A dependência cria vulnerabilidades estratégicas. Em conflitos, estações de dessalinização podem ser alvos, como demonstrado na Guerra do Golfo, quando oleodutos sabotados afetaram o abastecimento hídrico saudita. Mudanças climáticas aumentam a pressão sobre os recursos, com secas mais intensas, intrusão de água salgada em aquíferos e aumento da demanda energética.

Como funciona no Brasil?

No Brasil, a dessalinização também avança, especialmente em áreas com restrição hídrica. No Espírito Santo, a maior planta do país abastece o equivalente a 80 mil habitantes e assegura previsibilidade para indústrias. O relatório da CNI destaca aplicações no setor de mineração, sobretudo em regiões com disponibilidade limitada de água doce.

A dessalinização mantém a continuidade das atividades, diminui a pressão sobre os mananciais locais e mitiga os riscos climáticos. Além do uso industrial, a tecnologia beneficia economias locais dependentes de turismo e serviços.

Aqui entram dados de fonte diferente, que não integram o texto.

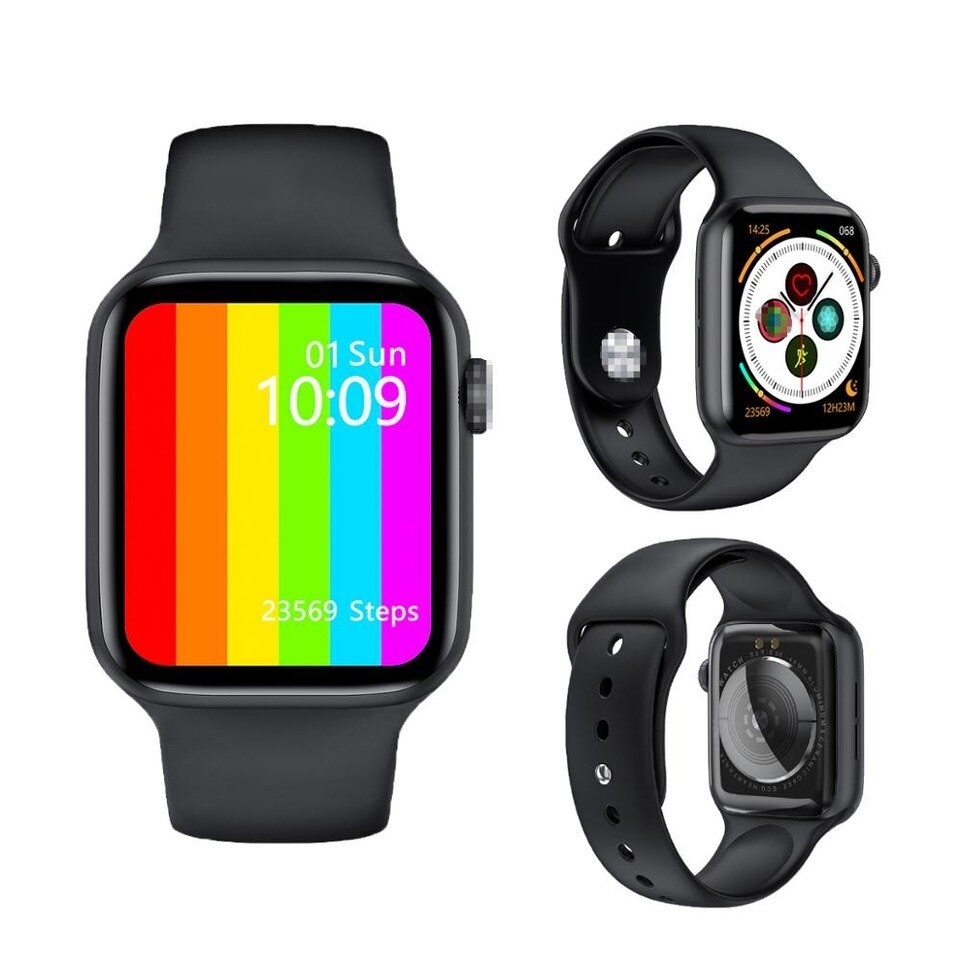 Best Online Shopping in Pakistan (OnlinePakistanStore.com) Best W26 Torntisc Support Bluetooth Smart Watch Price in Pakistan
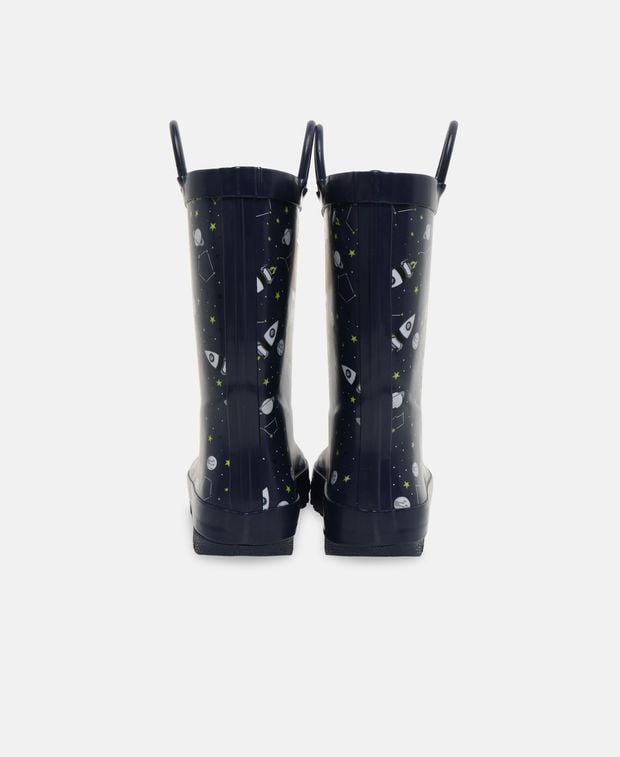 Gummistiefel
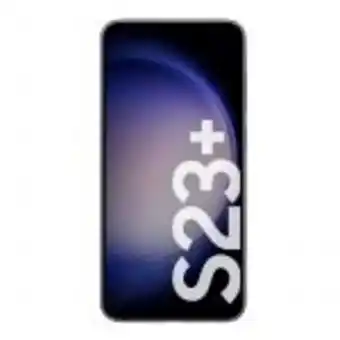 Delta Celular samsung s23+ 6.6 negro 8gb 256gb oferta
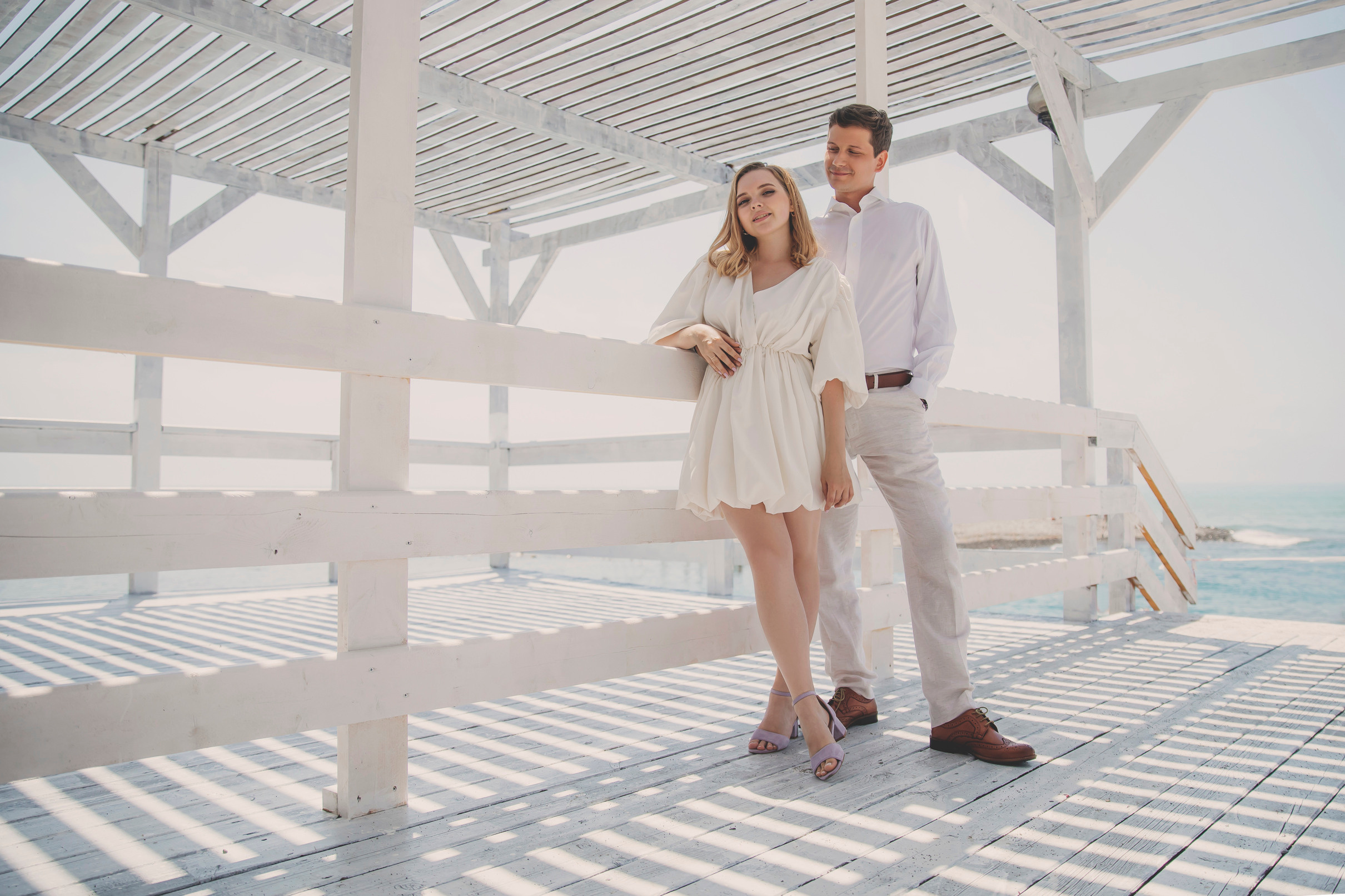 Юлия и Сергей. Свадебный и семейный фотограф Колоскова Мария (Сочи и весь мир)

Em Fernando de Noronha, a implantação de uma unidade de osmose reversa aumentou em 122% a oferta de água e encerrou o racionamento, impulsionando o turismo e elevando o faturamento do setor em 69,4%.

O levantamento da CNI indica a necessidade de aprimoramentos regulatórios. A complexidade para obter licenciamento ambiental e a ausência de normas específicas para o descarte da salmoura ainda geram insegurança e podem retardar novos investimentos no setor.